## Task
A faithful, word-for-word copy of the records is required, and it must contain no pictures.

:: Given entries

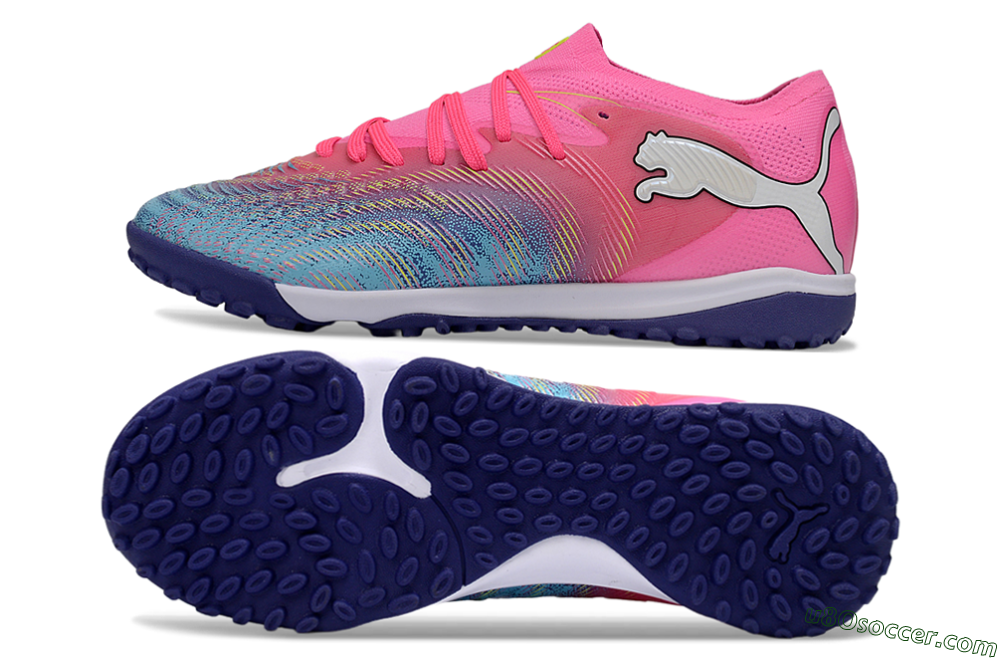 Puma Future 8 Ultimate TF Artificial Turf Soccer Shoes - Pink/Electric Pink/Dark Blue 0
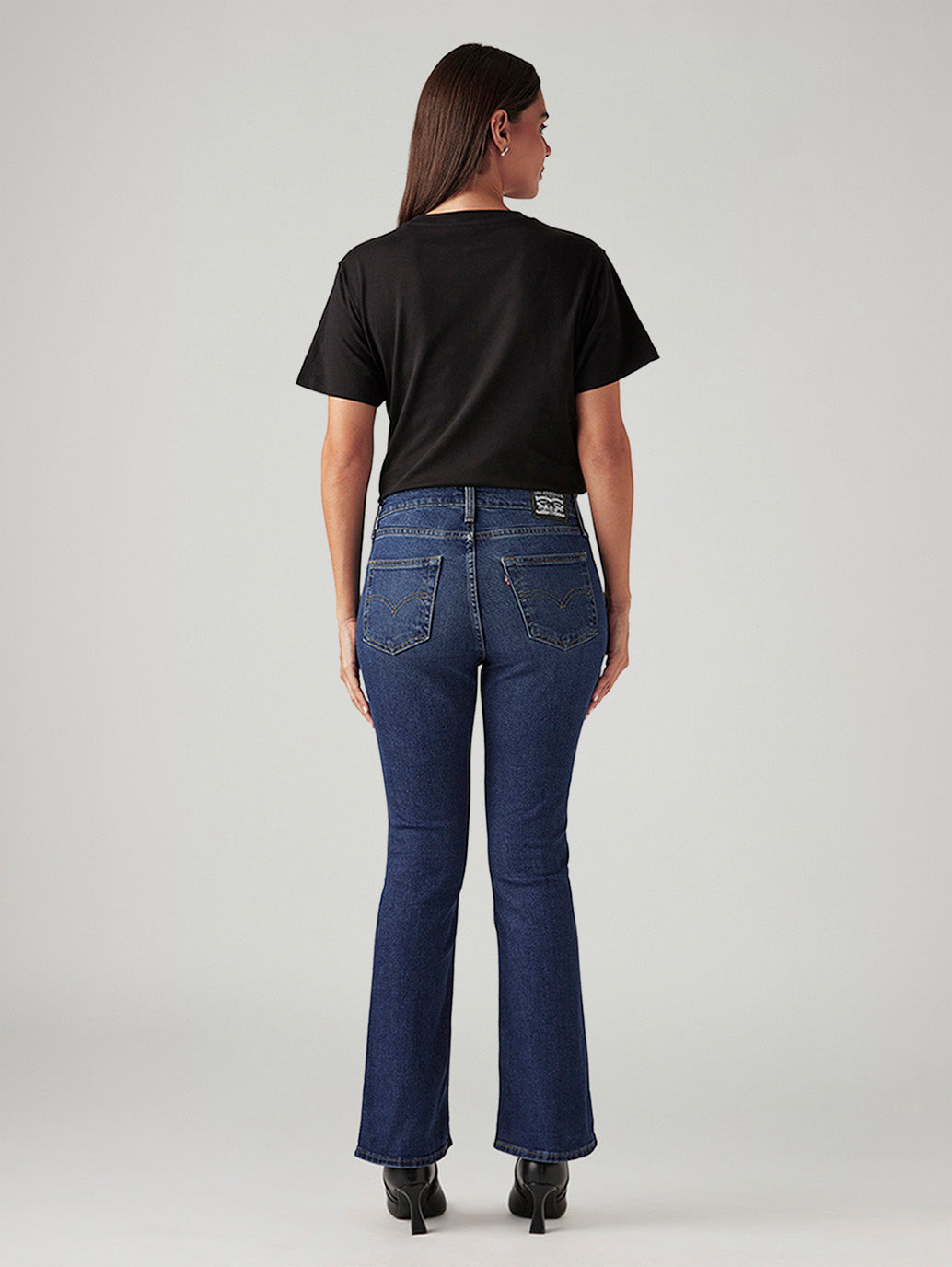 Women's 725 Dark Blue Bootcut Fit High Rise Tinted Jeans - Back View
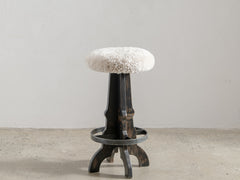 1950s Wooden Stool with Sheepskin Seat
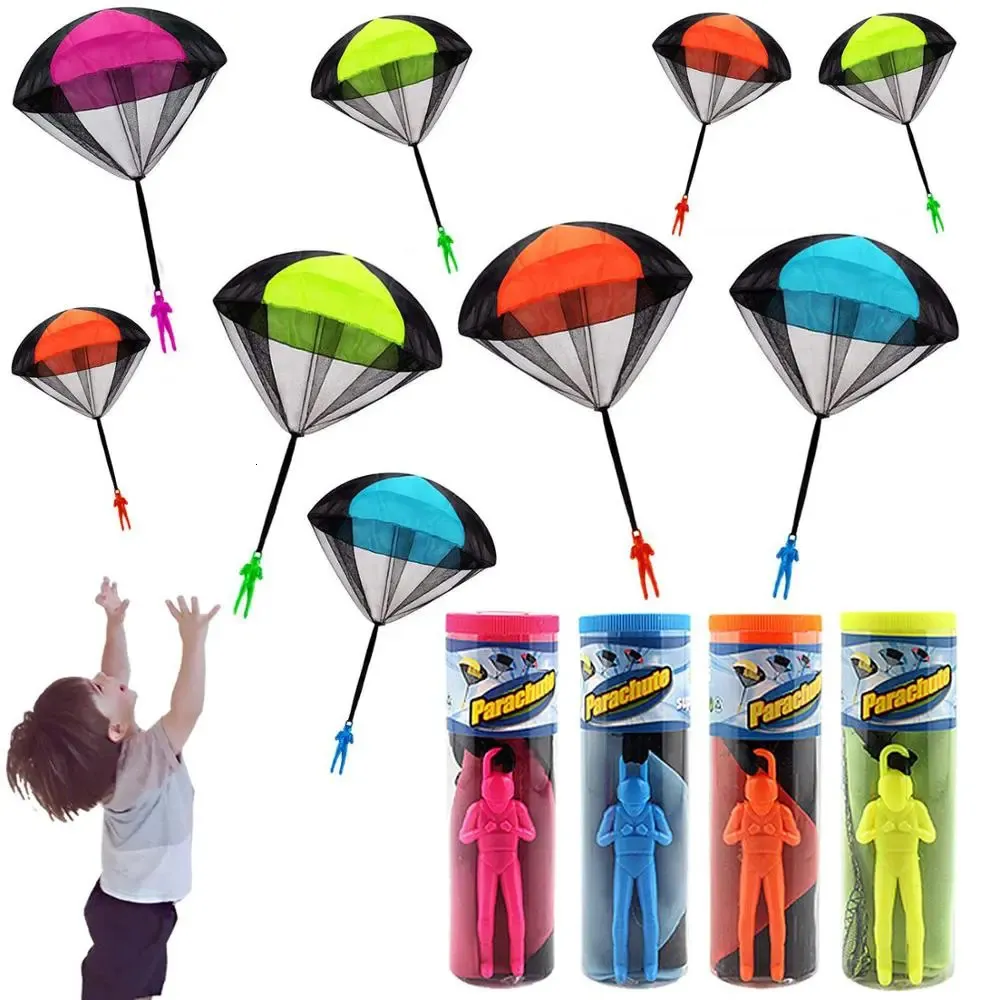 4 Parachutes Jouets Main - Couleurs Vives - Jeu Extérieur éducatif - Pour Enfants à Partir De 3 Ans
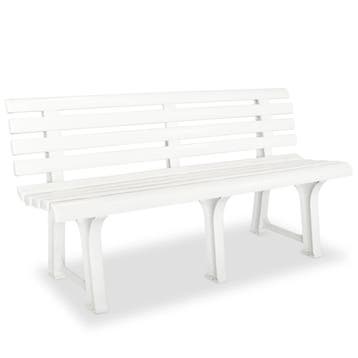 vidaXL Tuinbank 145,5 cm kunststof wit, Tuin en Terras, Verzenden, Nieuw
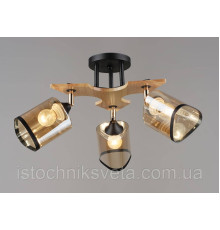 Потолочная люстра на три поворотных плафона, светильник SR-N6594-3 BK+WOOD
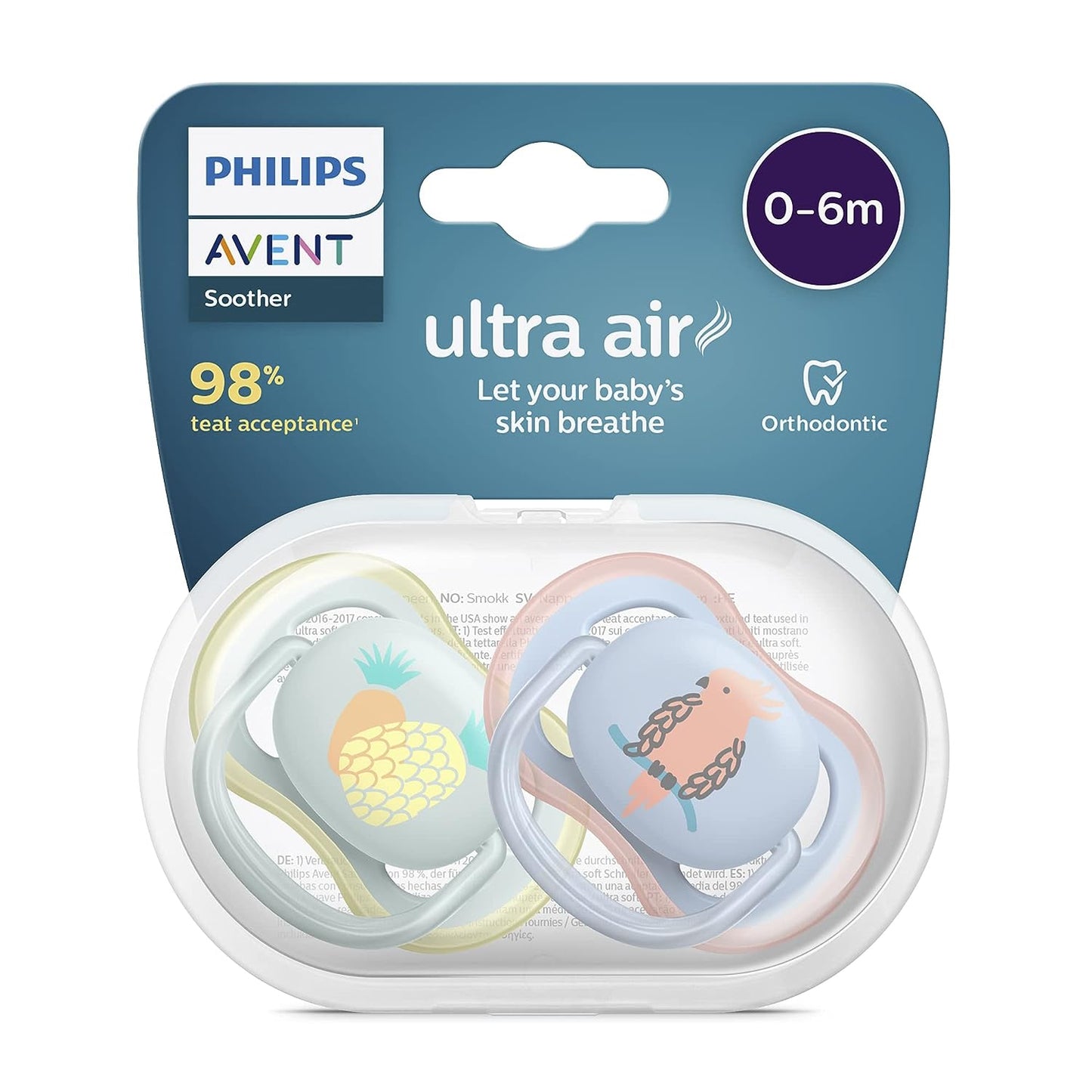 Philips Avent Ultra Air Soother - 2 x Light, Breathable Baby Soothers for Babies Aged 0-6 Months, BPA-Free with Steriliser Carry Case (SCF058/59)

::::

## Solution
 Puma Future 8 Ultimate TF Artificial Turf Soccer Shoes - Pink/Electric Pink/Dark Blue 0
 Women's 725 Dark Blue Bootcut Fit High Rise Tinted Jeans - Back View
 1950s Wooden Stool with Sheepskin Seat
 4 Parachutes Jouets Main - Couleurs Vives - Jeu Extérieur éducatif - Pour Enfants à Partir De 3 Ans
 vidaXL Tuinbank 145,5 cm kunststof wit, Tuin en Terras, Verzenden, Nieuw
 Потолочная люстра на три поворотных плафона, светильник SR-N6594-3 BK+WOOD
 Philips Avent Ultra Air Soother - 2 x Light, Breathable Baby Soothers for Babies Aged 0-6 Months, BPA-Free with Steriliser Carry Case (SCF058/59)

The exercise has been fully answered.